Mankind’s need for energy being at the root of climate change, it has always been a protagonist in research and discussions on its origins, consequences and mitigation. The link with adaptation to climate change, by contrast, has, with a few exceptions, not been made explicit. However, there is a range of resources, concepts and discussions on energy which are relevant to climate change adaptation in Africa without necessarily considering the mere concept of it: Under the broad category of renewable energies, researchers, policy makers and NGOs have been juggling with a variety of alternative, renewable and therefore sustainable energy sources with the potential to both limit greenhouse gas emissions and reduce the poverty of the most vulnerable at the same time.
Access to Energy
A suitable introduction for setting the developmental scene – one of the few papers explicitly putting renewable energies and climate change adaptation into relation – is the South Centre’s Analytical Note on the “Role of Decentralised Renewable Energy Technologies in Adaptation” which describes energy poverty as one of the fundamental drivers of vulnerability of the poor and therefore highlights the importance of access to – renewable – energies. Stressing both the importance of energy access and of low-carbon development to enhance the adaptive capacity of the affected populations, this approach provides a further area – besides forestry – that could be fertile ground for integrating mitigation and adaptation. The potentials of renewable and efficient energy resources to support poverty reduction has been explored by APFREPREN with a focus on the African continent [http://www.afrepren.org/Pubs/WorkingPapers/wpp355_sum.htm], the Horn of Africa [http://www.afrepren.org/Pubs/WorkingPapers/wpp348_sum.htm] and Ethiopia [http://www.afrepren.org/Pubs/WorkingPapers/wpp356_sum.htm]. Gender issues [ ENERGIA] also form part of the debate. The low energy consumption of Sub-Saharan Africa and questions as to possible improvements in access to energy are further dealt with in issues of the Francophone Journals EchoGeo and Liaison Energie-Francophonie [E_1.15], as well as a paper by the European Energy Initiative and the German Gesellschaft fuer Technische Zusammenarbeit GTZ [GTZ_enaccesafri] and the Kenya-based organization AFREPEN [http://www.afrepren.org/Pubs/WorkingPapers/wpp343_sum.htm]
Biomass: Technological and Social Debates
Another burning issue is that of the question as to which alternative, renewable sources of energy are appropriate and have no records or prognoses of causing any further harm. As biomass is the main energy source of sub-Saharan Africans, it dominates the discourse around renewable, clean forms of energy. Diverse forms of biomass, in particular firewood, are intensely debated.

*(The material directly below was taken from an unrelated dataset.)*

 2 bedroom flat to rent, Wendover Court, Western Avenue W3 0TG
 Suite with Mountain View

Forests – as long as they are sustainably managed – , are generally seen as major talents in efforts to mitigate to climate change and ensure energy supply at the same time: The Institut de l’Energie et de l’Environnement de la Francophonie dedicates a large proportion of articles of its journal’s issue on Biodiversity, Energy and Climate Change [IEPF_biodivenergie] to forestry. A FAO Working Paper on Forests and Energy [FAO_foren] may provide guidance. The number two issue in renewable energies are diverse forms of biofuels. The Africa Biodiversity Network highlights that, according to case studies from Benin, Tanzania, Uganda and Zambia [ABN_agrofuels], the push for agrofuels is yet another ‘solution’ imposed by the North, leaving very limited space for the quest for sustainable, local solutions that serve primarily the African interest and not that of Northern industrialized countries in need of more energy after peak oil. IFPRI [IFRPI_biofuels; IFRPRI_bioenergy] raises critical voices, too, emphasizing the consequences an expansion of biofuel production may have in terms of food security. FAO [FAO_biofuel], by contrast, is much more positive about agrofuel production for poverty alleviation and energy supply.
The quest for the super-crop
The challenges and dangers inflicted by an increase in biofuel production, which competes with food security needs and biodiversity, are commonly acknowledged. The conclusions, however, are diverse. Some organizations still see a lot of potential in agrofuels such as bio-ethanol, whereas others criticize them more vehemently and call for alternatives. These include the mysterious ‘new’ invention ‘yatropha’, celebrated as the solution for Africa’s, in particular Africa’s women’s, rural povery, lack in energy access and need for climate-hazard resistant crops. The November 2007 French edition of ‘Seedling’ critically discusses palm oil, sugar cane, soya and – yatropha. Cotton oil [CA_CIRAD_ener], showing similar results to vegetable oil but not necessarily endangering food security, has also raised some attention. The commune of Ougadougou in Burkina Faso has been experimenting with water hyacinths [Vertigo_biogaz], a plant endangering the regions biodiversity, finding that the application of a certain set of techniques in wetlands not only solves the problem with the water hyacinth’s reproduction, but also provides new means of energy production. Adding a non-biomass component to the showroom, another, South African paper [ERC_ZAen1], compares the advantages and drawbacks of solar water heaters versus biodiesel, raising socio-economic concerns with may be of relevance beyond these two particular energy sources.